Like all communications strategies your approach to social media marketing should be driven by the purpose of the campaign. What must change and who needs to be reached so as to bring about change? Within the overall communications plan, the social media strategy defines how to capture the attention of the target audiences and convey a compelling campaign message through social media in a way that supports your overall campaign goals.
Your online goals and your charity business goals should be aligned. Your charity business goals are most likely to include increasing income, and so should your online goals.
You may be getting lots of shares on Facebook, YouTube views or likes on Twitter, but do you know the value of these actions? Your social media marketing goals should be as closely tied to fundraising revenue as possible, either directly through donations or through lead generation.
It’s okay to have more than one goal. But most importantly, make sure they drive real fundraising value and remember, whatever your end goals may be, make them concrete, measurable and achievable. How else will you be able to measure them and determine if you have in fact succeeded in achieving them?

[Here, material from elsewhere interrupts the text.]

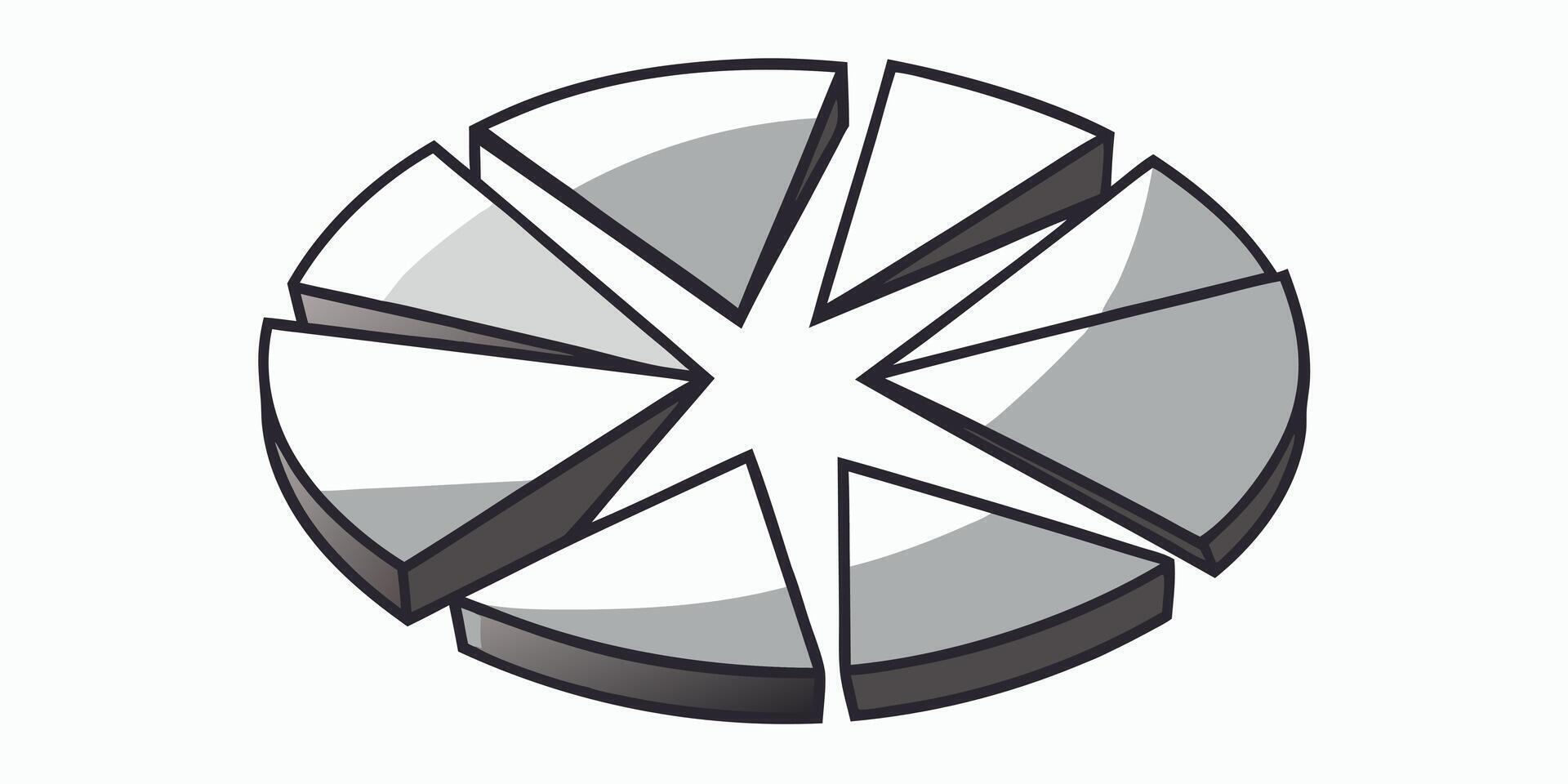Fragmented circle graphic with gray pie wedge shapes outlines on wedges vector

Using micro conversions vs. macro conversions
One very important point about goals is not to overlook intermediate goals, sometimes known as micro conversions. We’re often so focused on that last step, such as the donation, that we forget about the smaller steps in between that contribute to donor acquisition that gets them to take that next step along the donor journey.
By setting micro-conversion goals you can gain a better understanding of the donor journey and what is and isn’t working on your website and therefore measure the incremental results of your digital marketing efforts and make incremental changes to your website and digital marketing to increase conversions.

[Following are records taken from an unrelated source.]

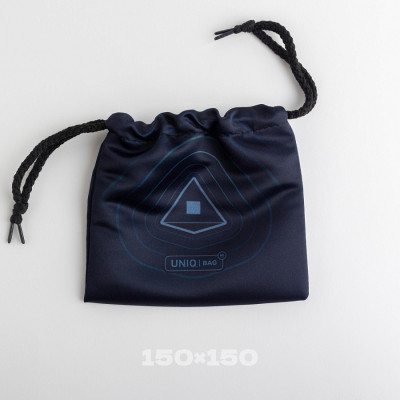 Тканевый мешок с печатью черный, 15*15, со шнурком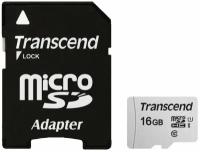 Карта памяти microSDHC 16 GB TRANSCEND UHS-I U1, 95 Мб/сек (class 10), адаптер, TS16GUSD300S-A, 1 шт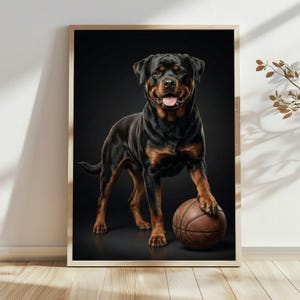 May include: A framed print of a Rottweiler dog with black and tan fur, posing with a brown basketball. The dog is set against a black backdrop, with its tongue visible. The print is in a wooden frame.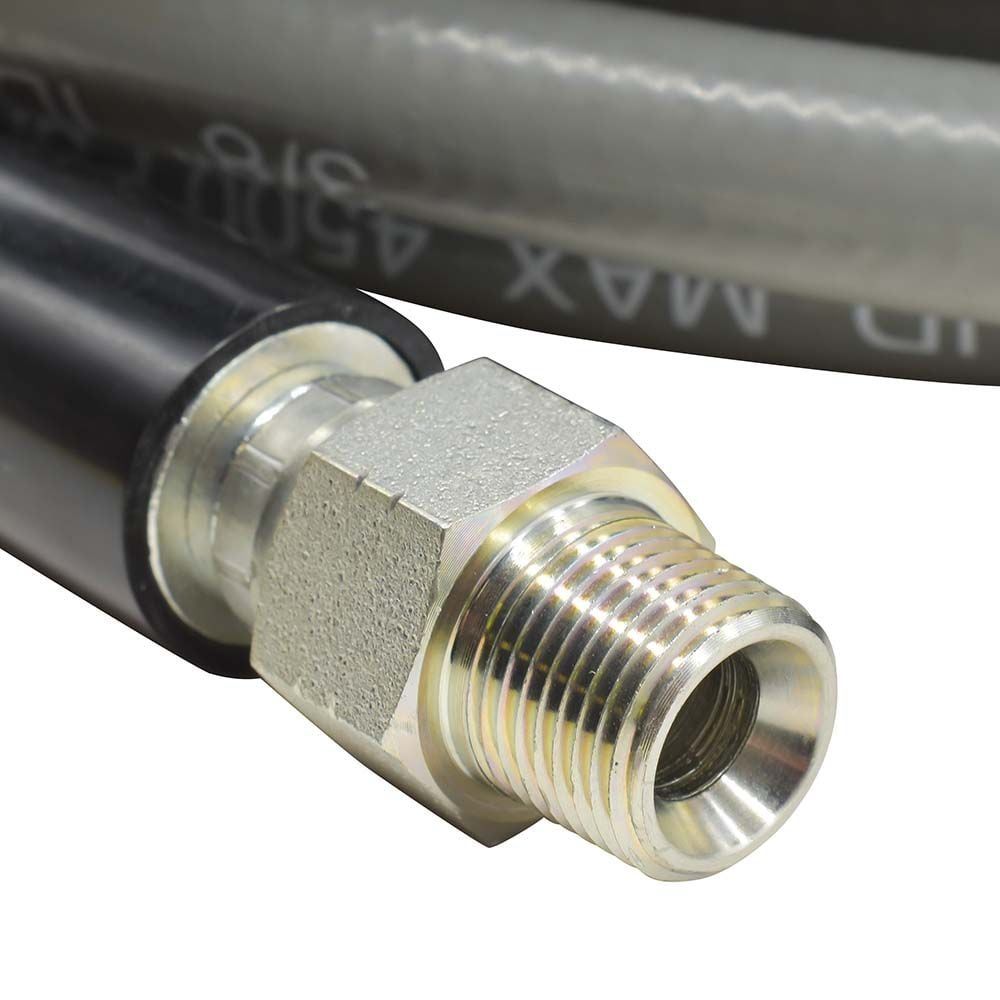 Pressure Washer Steel Braided Gray Rubber Hose – WP 4500 PSI - 3/8" x 50ft. - 3/8" MNPT Fixed & Swivel with Sleeve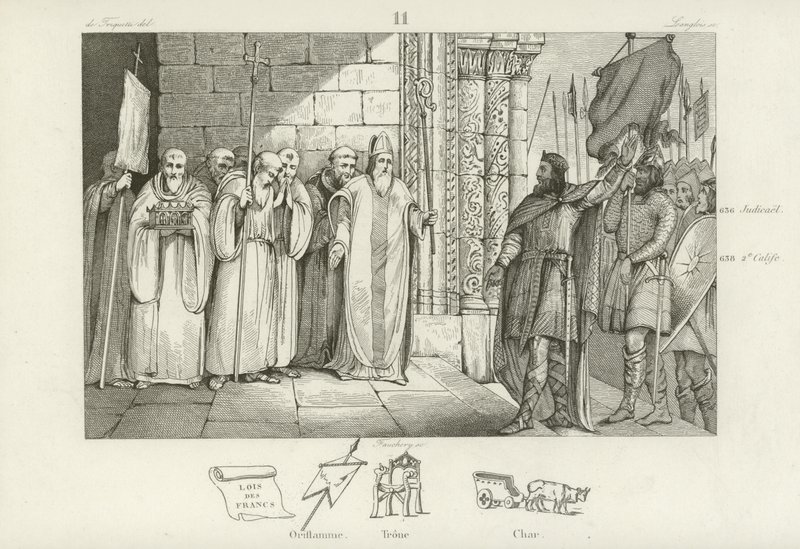 Dagobert I, King of the Franks  af French School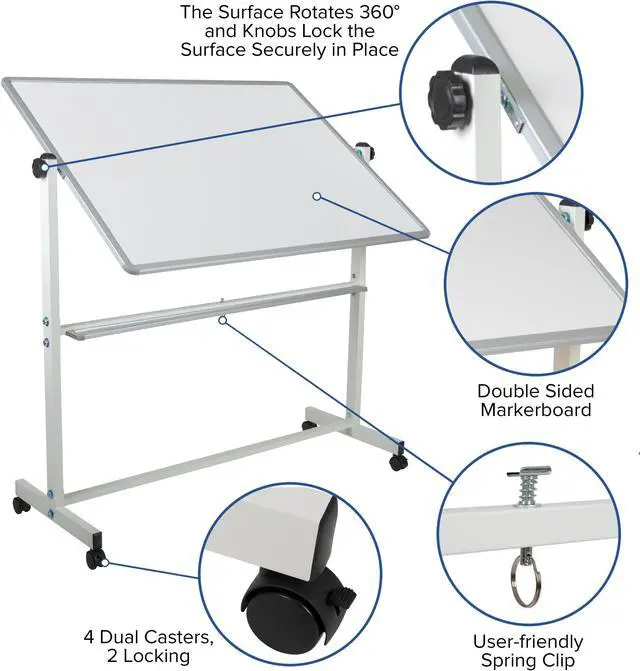 Alt view image 3 of 20 - HERCULES Series 53"W x 62.5"H Double-Sided Mobile White Board with Pen Tray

Establishing micro-conversion goals, that can be measured and later assigned a monetary value based on future donations, are an essential way to measure the success of social media and determine how social media marketing is supporting your fundraising goals.
If you’re a non-profit, your micro conversion goals may be newsletter sign ups, downloading reports or bequest forms, signing petitions, measuring social interactions, increasing returning visitors increasing the amount of time visitors spend on your website.
If you’re a non-profit, these micro conversion goals may be newsletter sign ups, downloading reports or bequest forms, or signing petitions or they may be visiting specific pages of your website that identify them as potential donors.
The lack of micro-conversion measurement and the assignment of social media as a source of leads and involvement in lead nurturing is perhaps the single greatest reason that many organisations doubt the efficacy of social media as a serious contributor to fundraising income.
Understanding your audience
When choosing the people or groups your charity needs to influence, it may be helpful to think about the many different ways you can describe them. The more clearly you can define your audience, the easier it will be to make choices about your messages and communications vehicles.
Developing personas can be a useful approach to gaining clarity about your audience groups, their needs, interests and obstacles to engagement. These insights can be applied across your charity to define and understand your interactions and identify opportunities.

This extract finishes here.